I was drawn to clover for reasons I couldn't quite articulate at first. It's such a humble plant. Easy to overlook. But the more I drew it, the more I understood.
A memory surfaced
Sitting in a field as a child, picking clovers.
Just picking them. Slowly. The sun warm on my back. No rush. Nowhere to be.
I don't remember where this was. I don't remember who I was with or what happened after. But I remember the feeling — that particular quality of unhurried attention that children slip into so easily and adults spend years trying to recover.
The particular calm of childhood absorption — when you could spend an hour doing something pointless and never once think about what you should be doing instead.
That's what surfaced while I was drawing. Not just the plant, but the pace of it.
From sketch to pattern
The first drawings were loose. Pencil, then ink, then watercolour washes to find the right tones. I kept coming back to soft ochres and earthy greens — colours that felt warm and grounding rather than bright and demanding.
The clover blooms are delicate in the final pattern. Deliberately so. They're not trying to be the star of the room — they're meant to sit quietly in the background, adding texture and calm without shouting.
When I designed the bandana version, I added a moss-green stripe. Something to anchor the softness. A bit of earthy depth.
Where it lives now
The clover pattern is on cushions — printed on cotton-linen, stuffed with feathers, designed to actually be used.

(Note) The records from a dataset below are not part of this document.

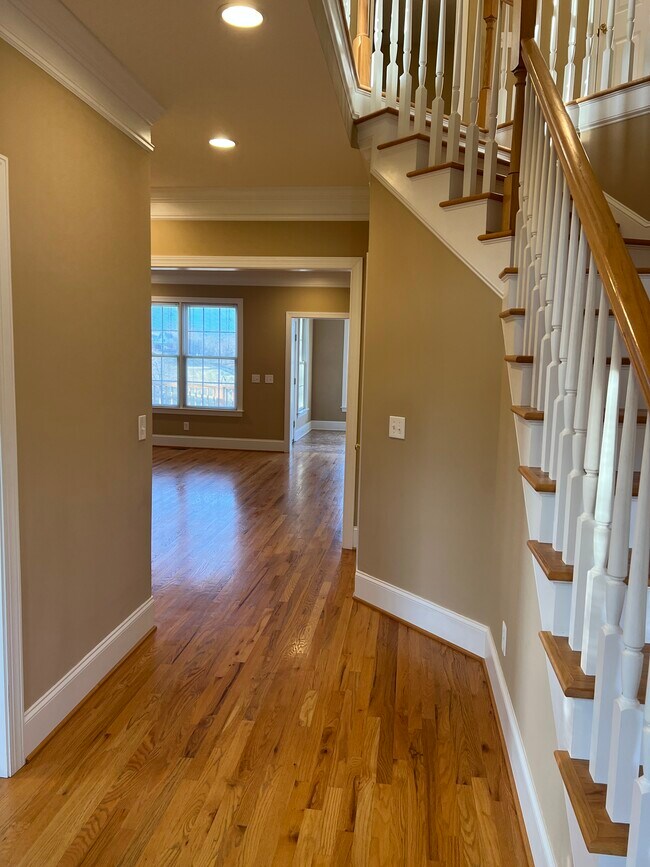 Building Photo - 1686 Turnberry Ln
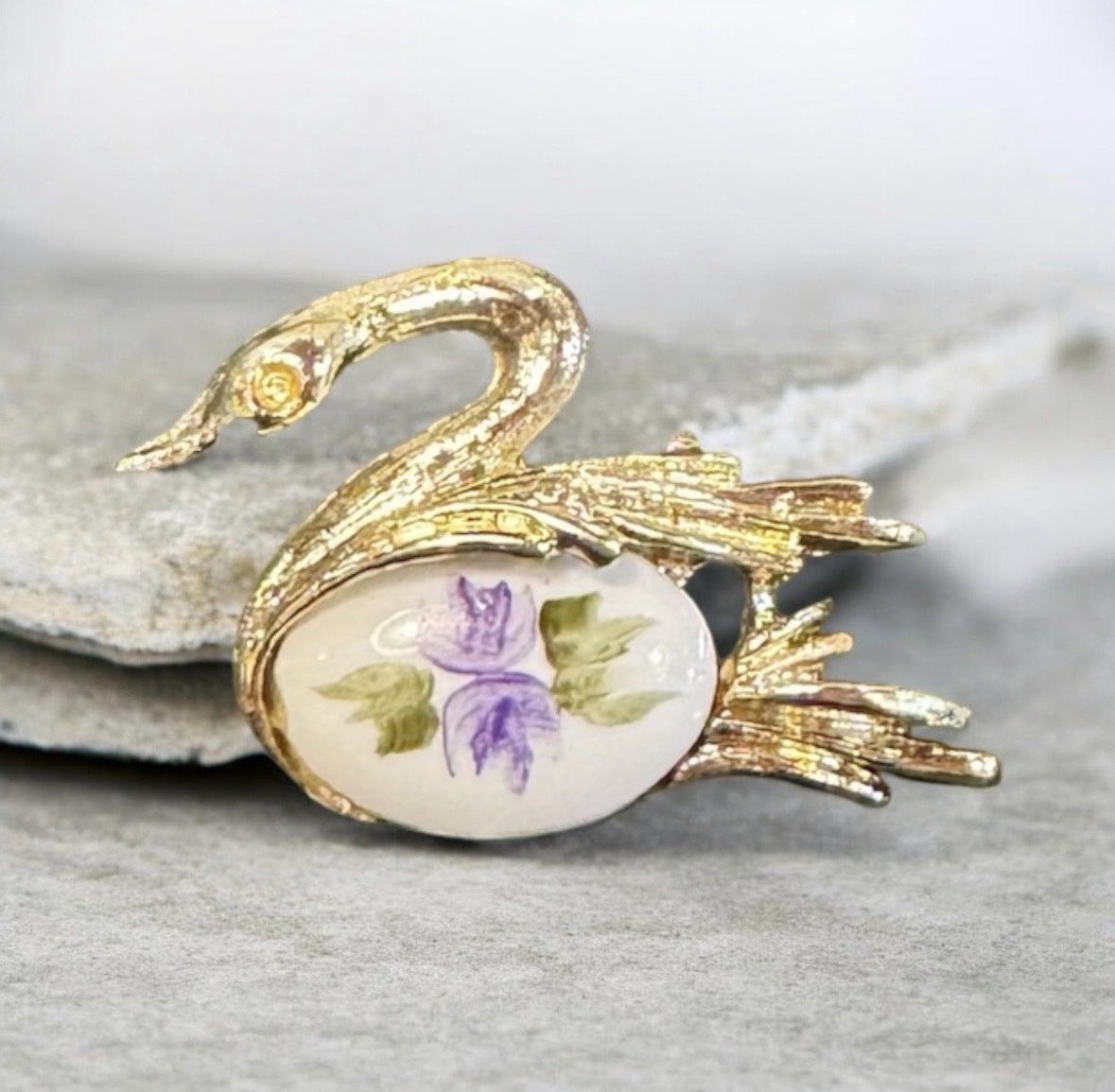 Ritz Porcelain Swan Pin w/ Violets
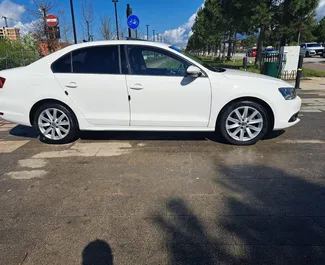 Auto rentimine Volkswagen Jetta #9572 Automaatne Tiranas, varustatud 2,0L mootoriga ➤ Besmirlt Albaanias.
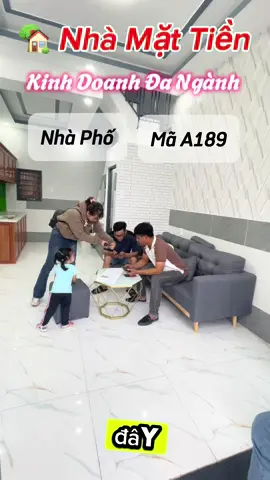 Nhà Mặt Tiền kinh doanh tốt, gần chợ, gần trường học. Vị trí gần Cầu Lớn Hóc Môn #hocmon #binhchanh #nhahocmon #nhabinhchanh #nhaxahoi #nhagiare #nhatragop #tuni 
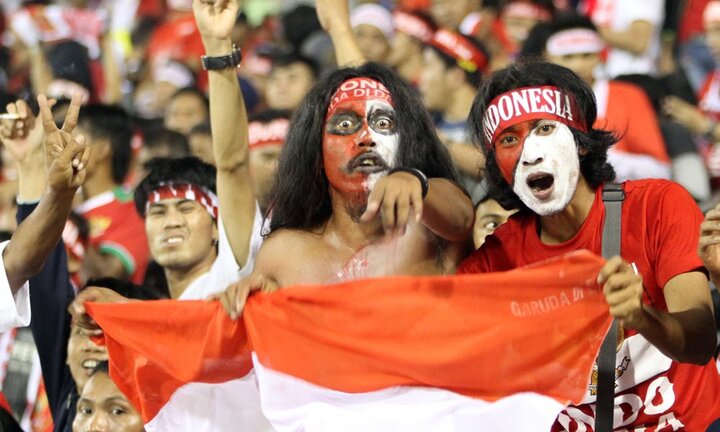 Fan cuồng Indonesia khiến người xem lạnh gáy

It's on silk bandanas you can wear or tie to a bag or drape over a bedside table. And now it's on wallpaper too — for anyone who wants that quiet, clover-filled feeling on a larger scale.
Each version started with the same hand-drawn artwork. The same memory. The same unhurried afternoon in a field I can't quite place.
What it means to me
The clover pattern has become one of my most personal designs.
It's not just a floral. It's a memory I'd lost and found again. A reminder that slowness is still possible — that paying attention to something small is its own kind of purpose.
I think about that child in the field sometimes. The one who could sit for an hour picking clovers, completely absorbed, no thought of productivity or purpose.
That's rare now. For me, at least. The world moves fast and I move with it, most days.
But when I look at this pattern — on a cushion in my living room, on a scarf around my neck — I remember that pace is a choice. Slowness is still available, if I make space for it.
That's what I hope others feel too. Not just a pretty design, but a quiet invitation: slow down. Pay attention. There's beauty in the unhurried.
When I see it in my own home, I think of that child in the field. The one who had all the time in the world.
I'm still learning to move at that pace. But having the reminder helps.